Este es un asunto que siempre me ha parecido interesante. Como saben ustedes, el dirigente de la Ezquerra catalana es hijo de un guardia civil aragonés. Si uno pudiera conseguir que un político como él dijese la verdad, me gustaría preguntarle qué sintió al sentarse frente al hombre que transmitió la orden de poner un coche bomba que asesinó a cinco niños, todos ellos hijos de guardias civiles, probablemente aragoneses, como su propio padre. Qué subidón de adrenalina y qué abismo para la conciencia. Qué tajo para un congreso de psicoanalistas.

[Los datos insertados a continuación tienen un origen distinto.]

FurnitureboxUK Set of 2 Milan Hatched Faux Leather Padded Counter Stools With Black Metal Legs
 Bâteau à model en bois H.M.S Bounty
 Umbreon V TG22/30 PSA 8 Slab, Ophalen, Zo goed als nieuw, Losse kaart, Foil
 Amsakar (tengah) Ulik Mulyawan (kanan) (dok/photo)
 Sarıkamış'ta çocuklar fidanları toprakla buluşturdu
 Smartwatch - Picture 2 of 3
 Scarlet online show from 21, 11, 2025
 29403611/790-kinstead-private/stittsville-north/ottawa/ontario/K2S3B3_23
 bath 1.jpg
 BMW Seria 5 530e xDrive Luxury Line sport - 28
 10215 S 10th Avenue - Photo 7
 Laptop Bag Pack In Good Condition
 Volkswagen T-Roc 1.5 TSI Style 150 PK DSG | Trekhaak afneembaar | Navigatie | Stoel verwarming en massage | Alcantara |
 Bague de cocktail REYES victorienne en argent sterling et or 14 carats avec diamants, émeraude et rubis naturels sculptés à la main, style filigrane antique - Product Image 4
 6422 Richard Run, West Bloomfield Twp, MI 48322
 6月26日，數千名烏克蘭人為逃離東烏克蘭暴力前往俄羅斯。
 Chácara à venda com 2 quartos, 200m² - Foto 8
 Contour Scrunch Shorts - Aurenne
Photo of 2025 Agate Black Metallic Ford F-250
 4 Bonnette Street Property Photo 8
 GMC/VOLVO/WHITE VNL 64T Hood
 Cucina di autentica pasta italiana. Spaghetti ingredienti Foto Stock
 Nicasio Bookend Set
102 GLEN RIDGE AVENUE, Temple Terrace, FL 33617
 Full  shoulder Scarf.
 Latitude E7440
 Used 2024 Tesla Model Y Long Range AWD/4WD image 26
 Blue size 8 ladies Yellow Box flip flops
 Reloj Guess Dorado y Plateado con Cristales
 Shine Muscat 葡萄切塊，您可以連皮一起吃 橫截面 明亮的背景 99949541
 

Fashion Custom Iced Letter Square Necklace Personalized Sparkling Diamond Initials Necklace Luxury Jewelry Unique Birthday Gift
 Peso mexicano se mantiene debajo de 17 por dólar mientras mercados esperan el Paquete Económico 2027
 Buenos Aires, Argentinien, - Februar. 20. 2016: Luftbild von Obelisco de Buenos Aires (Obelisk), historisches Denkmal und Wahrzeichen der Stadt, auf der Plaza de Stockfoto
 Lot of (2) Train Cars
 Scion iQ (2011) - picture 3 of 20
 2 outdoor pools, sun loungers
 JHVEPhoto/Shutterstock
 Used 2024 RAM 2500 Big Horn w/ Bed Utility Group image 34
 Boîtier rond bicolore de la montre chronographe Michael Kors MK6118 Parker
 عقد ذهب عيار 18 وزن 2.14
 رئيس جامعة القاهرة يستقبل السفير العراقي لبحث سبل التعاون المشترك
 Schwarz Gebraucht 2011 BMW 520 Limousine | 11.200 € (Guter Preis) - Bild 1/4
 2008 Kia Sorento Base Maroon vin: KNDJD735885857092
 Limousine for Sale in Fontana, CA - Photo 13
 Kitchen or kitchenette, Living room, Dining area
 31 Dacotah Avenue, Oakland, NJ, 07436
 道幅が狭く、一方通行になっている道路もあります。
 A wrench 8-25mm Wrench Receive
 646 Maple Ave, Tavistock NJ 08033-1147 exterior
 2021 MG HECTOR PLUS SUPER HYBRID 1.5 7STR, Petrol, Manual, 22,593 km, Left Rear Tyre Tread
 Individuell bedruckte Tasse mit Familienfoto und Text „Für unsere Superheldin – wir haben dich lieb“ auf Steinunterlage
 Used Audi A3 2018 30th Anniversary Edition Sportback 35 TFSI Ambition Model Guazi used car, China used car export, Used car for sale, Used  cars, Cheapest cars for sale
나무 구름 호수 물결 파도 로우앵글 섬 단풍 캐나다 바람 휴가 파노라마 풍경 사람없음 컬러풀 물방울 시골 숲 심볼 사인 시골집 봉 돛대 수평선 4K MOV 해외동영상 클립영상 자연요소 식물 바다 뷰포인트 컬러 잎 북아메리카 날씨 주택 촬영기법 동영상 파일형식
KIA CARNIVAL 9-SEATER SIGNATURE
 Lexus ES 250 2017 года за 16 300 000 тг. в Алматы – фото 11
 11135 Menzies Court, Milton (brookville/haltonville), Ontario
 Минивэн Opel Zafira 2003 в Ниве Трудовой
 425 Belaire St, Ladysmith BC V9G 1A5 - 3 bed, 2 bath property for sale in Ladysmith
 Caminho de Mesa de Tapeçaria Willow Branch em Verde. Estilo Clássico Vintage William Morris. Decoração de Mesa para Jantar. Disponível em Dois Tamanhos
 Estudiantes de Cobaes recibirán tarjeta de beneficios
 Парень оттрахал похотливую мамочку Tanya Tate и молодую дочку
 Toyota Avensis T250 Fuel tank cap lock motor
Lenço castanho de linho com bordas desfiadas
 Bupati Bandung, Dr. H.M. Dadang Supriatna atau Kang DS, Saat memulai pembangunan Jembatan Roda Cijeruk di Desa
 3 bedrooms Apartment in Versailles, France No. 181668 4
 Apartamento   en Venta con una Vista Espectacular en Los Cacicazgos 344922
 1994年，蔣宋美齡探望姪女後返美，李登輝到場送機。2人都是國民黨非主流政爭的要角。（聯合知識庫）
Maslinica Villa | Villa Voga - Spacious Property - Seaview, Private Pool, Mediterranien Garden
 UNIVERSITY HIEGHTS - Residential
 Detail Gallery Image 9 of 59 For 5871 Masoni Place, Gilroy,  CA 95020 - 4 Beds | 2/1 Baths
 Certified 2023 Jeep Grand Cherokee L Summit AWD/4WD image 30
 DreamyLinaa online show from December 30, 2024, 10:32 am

Comieron paella, según cuenta Florencio. Ningún plato racial, a pesar de estar en Perpinán: escudella i carn d’olla, mongetes amb butifarra, pongamos por caso. Dado que el restaurante lo escogieron los terroristas vascos, por razones de seguridad, qué menos que una taberna vasca en la que poder degustar zurrukutuna o porrusalda, bacalao o merluza koshkera. Nada. Paella. Imaginarse a ese trío dando cuenta de un arroz con mariscos es la vía más rápida, salvando las distancias, para entender lo que quiso decir Hannah Arendt al describir al hombre que diseñó la operación final para exterminar a los judíos bajo el nazismo. Vio a Eichmann en su celda acristalada, le oyó expresarse como un contable y escribió “La banalidad del mal”.

Ternera tiene alma de cocinero. Es una de esas vocaciones desencontradas, que llevan ocasionalmente a un juez a querer ser cantante de boleros. No descartemos la posibilidad que haya algún notario que quiera triunfar escribiendo relatos pornográficos o ser campeón de “Mira quién baila”.

Un terrorista que quiere ser cocinero. No hay nada de malo en ello. La profesión de cocinero goza de mucho prestigio social en Euskadi. También en Cataluña, dos realidades nacionales de la España plural y diversa. Antza tiene veleidades de escritor, pero Ternera no parece llamado a dejar obra escrita en materia de pensamiento: lo único que ha salido de su alma y de su pluma, en sus cincuenta y cinco años de vida, es un recetario de cocina que escribió en la cárcel de Muret, con un título denotativo: Giltzapeko Sukaldaritza o, lo que es lo mismo “Cocina entre barrotes”.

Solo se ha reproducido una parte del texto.